Atomizer is a package of MATLAB routines for atomic decomposition of
1-d signals in various dictionaries.  The atomic decomposition
techniques include basis pursuit, the method of frames, best
orthogonal basis method for wavelet/cosine packets, and matching
pursuit.  Atomizer mainly supports dictionaries with fast analysis and
fast synthesis operators, such as diracs, heavisides, discrete
cosines, discrete sines, wavelets, stationary wavelets, quadratic
splines, wavelet packets and cosine packets, or any combination of the
above. Since Atomizer is designed in an object-oriented fashion, one
can easily extend it to decompose in other dictionaries (see
V. Customizing).

Decomposition of signals into overcomplete dictionaries is not unique.
Basis pursuit chooses the representation with minimum $l^1$ norm of
coefficients.
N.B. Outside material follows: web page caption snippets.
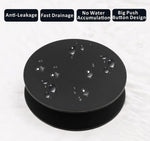 Dimensional view showing compatibility with standard sink drains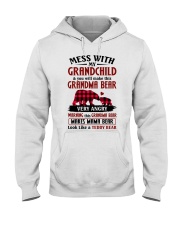 Look Like A Teddy Bear - Best Gift For Grandma Hooded Sweatshirt tile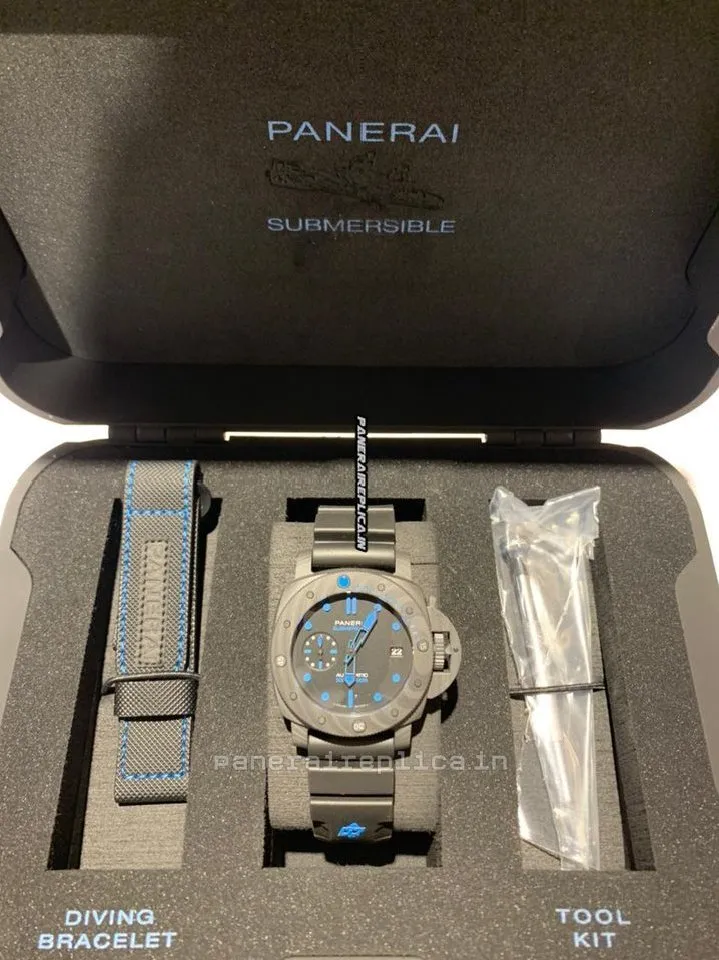 Alternative view of 1:1 Fakes Panerai Luminor Submersible 42mm Carbon Case Mens/unisex Automatic Watch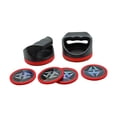 thumbnail image 3 of Hathaway 4-in Strikers and 3-in Pucks - Black and Red, 3 of 4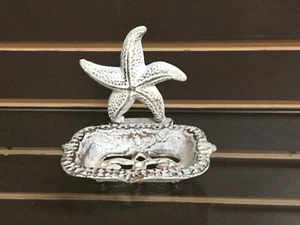 Cast Iron Antiqued White Starfish Soap Dish (182-2046) - Picture 1 of 4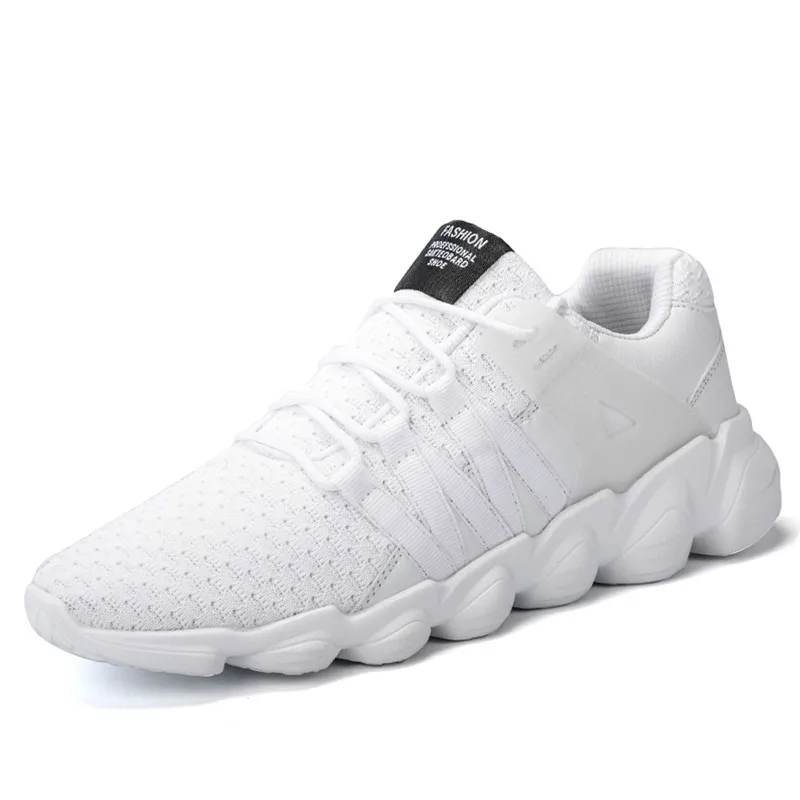 2019 модные спортивные кроссовки для молодых мужчин Цвет черный белый серый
The method of frames selects the representation with
minimum $l^2$ norm of coefficients. Matching pursuit is a stepwise
greedy algorithm, a strategy that selects an atom with the biggest
correlation with the residual. The best orthogonal basis method is
specially designed for wavelet packets and cosine packets. It finds
the best orthogonal basis representation by minimizing an additive
entropy measure of coefficients.

All the four methods can be accommodated to denoising signals in white
noise. Basis pursuit denoising is a $l^1$ penalizing least square
scheme. Method-of-frames denoising is a $l^2$ penalizing least square
scheme. Matching pursuit denoising runs matching pursuit until the
coefficient of the selected atom is below a certain threshold.
Specially designed for wavelet packets and cosine packets, best
orthogonal basis denoising is a thresholding scheme in the best
orthogonal basis chosed by minimizing a special additive entropy.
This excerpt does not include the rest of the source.